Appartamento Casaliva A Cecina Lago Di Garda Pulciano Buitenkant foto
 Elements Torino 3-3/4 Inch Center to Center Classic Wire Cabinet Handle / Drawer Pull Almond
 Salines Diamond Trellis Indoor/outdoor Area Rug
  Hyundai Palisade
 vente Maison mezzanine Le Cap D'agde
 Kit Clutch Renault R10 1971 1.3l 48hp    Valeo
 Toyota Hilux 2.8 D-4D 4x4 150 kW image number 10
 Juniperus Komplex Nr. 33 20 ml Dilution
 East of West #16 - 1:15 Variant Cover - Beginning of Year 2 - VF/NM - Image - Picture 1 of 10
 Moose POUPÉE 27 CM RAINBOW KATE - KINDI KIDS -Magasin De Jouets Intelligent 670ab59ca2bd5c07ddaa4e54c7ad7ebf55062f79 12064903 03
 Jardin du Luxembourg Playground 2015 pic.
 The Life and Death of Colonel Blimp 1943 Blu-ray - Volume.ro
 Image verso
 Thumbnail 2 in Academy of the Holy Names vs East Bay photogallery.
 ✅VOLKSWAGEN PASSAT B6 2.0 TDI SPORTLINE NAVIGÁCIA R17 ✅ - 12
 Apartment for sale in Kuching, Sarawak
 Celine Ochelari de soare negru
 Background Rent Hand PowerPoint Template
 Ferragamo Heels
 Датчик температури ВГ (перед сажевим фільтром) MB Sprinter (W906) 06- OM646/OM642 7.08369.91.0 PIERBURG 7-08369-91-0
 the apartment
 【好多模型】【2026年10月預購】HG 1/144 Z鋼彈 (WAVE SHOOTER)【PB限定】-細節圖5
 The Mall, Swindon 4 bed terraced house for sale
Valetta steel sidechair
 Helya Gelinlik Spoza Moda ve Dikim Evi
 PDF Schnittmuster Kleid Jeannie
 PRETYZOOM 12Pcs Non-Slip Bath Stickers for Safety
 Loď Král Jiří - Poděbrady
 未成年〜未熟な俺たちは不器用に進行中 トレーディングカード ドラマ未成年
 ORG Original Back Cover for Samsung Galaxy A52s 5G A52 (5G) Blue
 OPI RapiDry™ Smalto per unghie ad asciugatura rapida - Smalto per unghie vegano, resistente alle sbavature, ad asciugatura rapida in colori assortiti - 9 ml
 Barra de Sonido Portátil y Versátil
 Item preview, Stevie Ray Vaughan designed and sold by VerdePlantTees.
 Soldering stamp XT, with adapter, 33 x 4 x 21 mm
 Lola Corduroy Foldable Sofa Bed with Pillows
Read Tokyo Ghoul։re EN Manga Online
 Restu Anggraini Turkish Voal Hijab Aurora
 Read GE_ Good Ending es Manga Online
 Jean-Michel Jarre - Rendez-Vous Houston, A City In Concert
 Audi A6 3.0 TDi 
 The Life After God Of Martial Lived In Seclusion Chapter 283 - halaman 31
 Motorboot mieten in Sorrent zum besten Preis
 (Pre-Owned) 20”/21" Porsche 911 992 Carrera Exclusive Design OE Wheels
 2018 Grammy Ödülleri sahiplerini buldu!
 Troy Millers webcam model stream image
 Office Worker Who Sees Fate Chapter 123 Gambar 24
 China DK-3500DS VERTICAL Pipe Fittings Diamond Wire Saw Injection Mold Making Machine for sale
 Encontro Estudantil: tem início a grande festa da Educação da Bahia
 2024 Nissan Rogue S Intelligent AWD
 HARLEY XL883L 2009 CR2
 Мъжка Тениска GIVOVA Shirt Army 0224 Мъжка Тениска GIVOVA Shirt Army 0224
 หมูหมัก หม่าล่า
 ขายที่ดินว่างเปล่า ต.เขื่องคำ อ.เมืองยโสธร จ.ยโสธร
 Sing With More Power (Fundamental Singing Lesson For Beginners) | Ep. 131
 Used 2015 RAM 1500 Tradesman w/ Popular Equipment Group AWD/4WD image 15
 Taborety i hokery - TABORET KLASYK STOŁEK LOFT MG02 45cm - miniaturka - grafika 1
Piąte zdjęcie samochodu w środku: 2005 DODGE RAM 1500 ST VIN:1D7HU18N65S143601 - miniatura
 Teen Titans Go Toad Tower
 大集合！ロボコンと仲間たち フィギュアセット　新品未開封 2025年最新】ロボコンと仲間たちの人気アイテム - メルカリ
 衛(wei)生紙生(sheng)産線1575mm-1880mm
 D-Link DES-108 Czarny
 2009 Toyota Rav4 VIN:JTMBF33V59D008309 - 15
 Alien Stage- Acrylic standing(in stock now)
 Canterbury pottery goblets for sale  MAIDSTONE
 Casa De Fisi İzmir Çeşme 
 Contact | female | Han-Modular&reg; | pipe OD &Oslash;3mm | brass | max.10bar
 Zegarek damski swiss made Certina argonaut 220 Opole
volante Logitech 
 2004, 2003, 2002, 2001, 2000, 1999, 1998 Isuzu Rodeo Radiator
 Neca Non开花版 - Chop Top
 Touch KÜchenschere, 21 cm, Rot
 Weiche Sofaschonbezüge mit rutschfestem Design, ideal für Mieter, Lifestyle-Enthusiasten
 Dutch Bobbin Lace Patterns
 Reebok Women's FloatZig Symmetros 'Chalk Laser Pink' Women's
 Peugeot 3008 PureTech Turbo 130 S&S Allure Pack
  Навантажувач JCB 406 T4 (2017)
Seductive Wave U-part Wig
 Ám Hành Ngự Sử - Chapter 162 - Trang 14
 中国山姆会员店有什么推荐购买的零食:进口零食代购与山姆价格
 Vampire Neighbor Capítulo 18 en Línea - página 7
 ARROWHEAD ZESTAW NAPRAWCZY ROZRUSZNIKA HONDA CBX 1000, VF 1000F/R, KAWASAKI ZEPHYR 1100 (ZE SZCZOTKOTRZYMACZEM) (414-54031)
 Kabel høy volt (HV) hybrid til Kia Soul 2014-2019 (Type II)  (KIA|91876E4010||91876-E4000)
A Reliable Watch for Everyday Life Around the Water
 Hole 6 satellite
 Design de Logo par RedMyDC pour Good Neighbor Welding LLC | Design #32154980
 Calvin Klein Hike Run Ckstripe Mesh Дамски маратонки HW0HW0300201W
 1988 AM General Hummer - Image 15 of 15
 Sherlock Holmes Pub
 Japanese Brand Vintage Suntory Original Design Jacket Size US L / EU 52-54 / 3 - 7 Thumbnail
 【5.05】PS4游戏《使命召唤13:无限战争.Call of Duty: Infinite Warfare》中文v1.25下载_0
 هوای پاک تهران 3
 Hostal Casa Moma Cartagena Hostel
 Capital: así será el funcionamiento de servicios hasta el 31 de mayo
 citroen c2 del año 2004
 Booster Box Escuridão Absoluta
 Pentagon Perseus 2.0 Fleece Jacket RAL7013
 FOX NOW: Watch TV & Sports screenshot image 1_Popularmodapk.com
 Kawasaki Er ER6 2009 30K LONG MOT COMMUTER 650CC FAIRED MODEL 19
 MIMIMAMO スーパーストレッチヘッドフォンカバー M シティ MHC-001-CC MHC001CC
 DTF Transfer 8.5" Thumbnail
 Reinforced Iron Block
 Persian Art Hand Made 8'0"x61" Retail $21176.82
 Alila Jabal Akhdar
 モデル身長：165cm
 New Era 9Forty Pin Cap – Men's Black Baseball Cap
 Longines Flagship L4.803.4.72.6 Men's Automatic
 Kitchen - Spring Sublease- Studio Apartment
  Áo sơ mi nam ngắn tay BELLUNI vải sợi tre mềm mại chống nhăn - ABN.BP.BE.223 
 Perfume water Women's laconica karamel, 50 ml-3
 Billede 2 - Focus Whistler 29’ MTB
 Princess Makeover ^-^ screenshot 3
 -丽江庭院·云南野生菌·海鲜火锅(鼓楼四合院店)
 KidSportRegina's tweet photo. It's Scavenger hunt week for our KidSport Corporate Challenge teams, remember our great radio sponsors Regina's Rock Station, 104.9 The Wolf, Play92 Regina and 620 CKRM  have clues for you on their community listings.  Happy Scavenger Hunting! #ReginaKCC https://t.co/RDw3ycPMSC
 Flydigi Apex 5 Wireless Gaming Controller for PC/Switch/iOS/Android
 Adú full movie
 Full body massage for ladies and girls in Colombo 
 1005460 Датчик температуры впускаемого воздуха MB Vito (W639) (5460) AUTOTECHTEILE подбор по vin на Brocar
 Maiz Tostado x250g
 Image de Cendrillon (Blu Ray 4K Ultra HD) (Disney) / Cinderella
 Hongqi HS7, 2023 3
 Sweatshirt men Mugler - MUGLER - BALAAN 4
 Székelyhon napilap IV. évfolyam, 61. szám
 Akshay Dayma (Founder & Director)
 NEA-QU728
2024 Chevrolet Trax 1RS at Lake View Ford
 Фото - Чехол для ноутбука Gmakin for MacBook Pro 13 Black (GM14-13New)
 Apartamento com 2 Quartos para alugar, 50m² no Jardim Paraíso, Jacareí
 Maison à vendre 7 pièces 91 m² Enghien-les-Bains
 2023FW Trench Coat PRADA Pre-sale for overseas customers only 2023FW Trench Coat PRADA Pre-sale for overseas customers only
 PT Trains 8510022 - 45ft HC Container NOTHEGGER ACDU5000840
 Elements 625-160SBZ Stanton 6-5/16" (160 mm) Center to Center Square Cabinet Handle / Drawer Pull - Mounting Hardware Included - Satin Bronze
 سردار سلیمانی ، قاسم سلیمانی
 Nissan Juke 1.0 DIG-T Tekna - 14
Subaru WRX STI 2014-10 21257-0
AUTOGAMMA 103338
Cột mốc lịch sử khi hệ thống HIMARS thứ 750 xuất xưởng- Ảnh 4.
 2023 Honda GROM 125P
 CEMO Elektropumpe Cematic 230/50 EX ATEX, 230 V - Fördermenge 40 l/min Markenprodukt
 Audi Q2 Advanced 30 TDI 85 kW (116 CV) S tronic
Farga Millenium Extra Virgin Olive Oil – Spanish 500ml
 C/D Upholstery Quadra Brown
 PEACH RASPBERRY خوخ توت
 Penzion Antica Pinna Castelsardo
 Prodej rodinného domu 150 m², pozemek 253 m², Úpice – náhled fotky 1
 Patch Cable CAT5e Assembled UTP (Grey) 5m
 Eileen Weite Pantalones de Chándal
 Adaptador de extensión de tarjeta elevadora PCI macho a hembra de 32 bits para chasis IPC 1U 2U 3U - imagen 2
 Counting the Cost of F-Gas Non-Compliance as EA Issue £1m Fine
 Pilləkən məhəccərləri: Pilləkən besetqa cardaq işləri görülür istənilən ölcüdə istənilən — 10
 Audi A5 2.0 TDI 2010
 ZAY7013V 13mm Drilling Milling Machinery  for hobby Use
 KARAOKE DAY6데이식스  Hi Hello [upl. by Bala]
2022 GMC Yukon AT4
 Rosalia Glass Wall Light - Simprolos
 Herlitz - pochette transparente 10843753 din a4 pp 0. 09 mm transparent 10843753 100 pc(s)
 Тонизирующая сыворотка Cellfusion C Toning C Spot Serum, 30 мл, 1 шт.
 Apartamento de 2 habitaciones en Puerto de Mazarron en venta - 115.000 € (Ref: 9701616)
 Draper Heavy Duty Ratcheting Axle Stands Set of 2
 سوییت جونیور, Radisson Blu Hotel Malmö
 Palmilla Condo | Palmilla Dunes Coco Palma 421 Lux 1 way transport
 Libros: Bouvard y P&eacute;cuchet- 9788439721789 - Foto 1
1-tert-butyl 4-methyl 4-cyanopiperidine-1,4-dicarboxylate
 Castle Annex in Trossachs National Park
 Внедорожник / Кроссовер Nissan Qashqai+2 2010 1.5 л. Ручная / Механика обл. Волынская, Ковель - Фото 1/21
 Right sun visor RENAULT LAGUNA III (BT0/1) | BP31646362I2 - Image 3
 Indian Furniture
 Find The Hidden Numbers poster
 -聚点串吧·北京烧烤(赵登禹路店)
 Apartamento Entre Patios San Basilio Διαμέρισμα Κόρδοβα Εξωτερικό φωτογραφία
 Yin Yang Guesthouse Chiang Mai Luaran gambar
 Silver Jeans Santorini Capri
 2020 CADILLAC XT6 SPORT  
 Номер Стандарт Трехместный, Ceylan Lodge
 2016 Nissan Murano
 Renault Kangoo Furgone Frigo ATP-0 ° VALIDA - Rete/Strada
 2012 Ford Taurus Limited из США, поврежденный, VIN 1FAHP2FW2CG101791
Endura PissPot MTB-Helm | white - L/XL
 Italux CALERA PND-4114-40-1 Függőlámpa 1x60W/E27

-------

**TASK REQUIREMENTS**
Go to the line in the material above that contains "Sing With More" and copy exactly from there through the line that contains "D-Link DES-108 Czarny", stopping after it.

**TASK RESULT**
 Sing With More Power (Fundamental Singing Lesson For Beginners) | Ep. 131
 Used 2015 RAM 1500 Tradesman w/ Popular Equipment Group AWD/4WD image 15
 Taborety i hokery - TABORET KLASYK STOŁEK LOFT MG02 45cm - miniaturka - grafika 1
Piąte zdjęcie samochodu w środku: 2005 DODGE RAM 1500 ST VIN:1D7HU18N65S143601 - miniatura
 Teen Titans Go Toad Tower
 大集合！ロボコンと仲間たち フィギュアセット　新品未開封 2025年最新】ロボコンと仲間たちの人気アイテム - メルカリ
 衛(wei)生紙生(sheng)産線1575mm-1880mm
 D-Link DES-108 Czarny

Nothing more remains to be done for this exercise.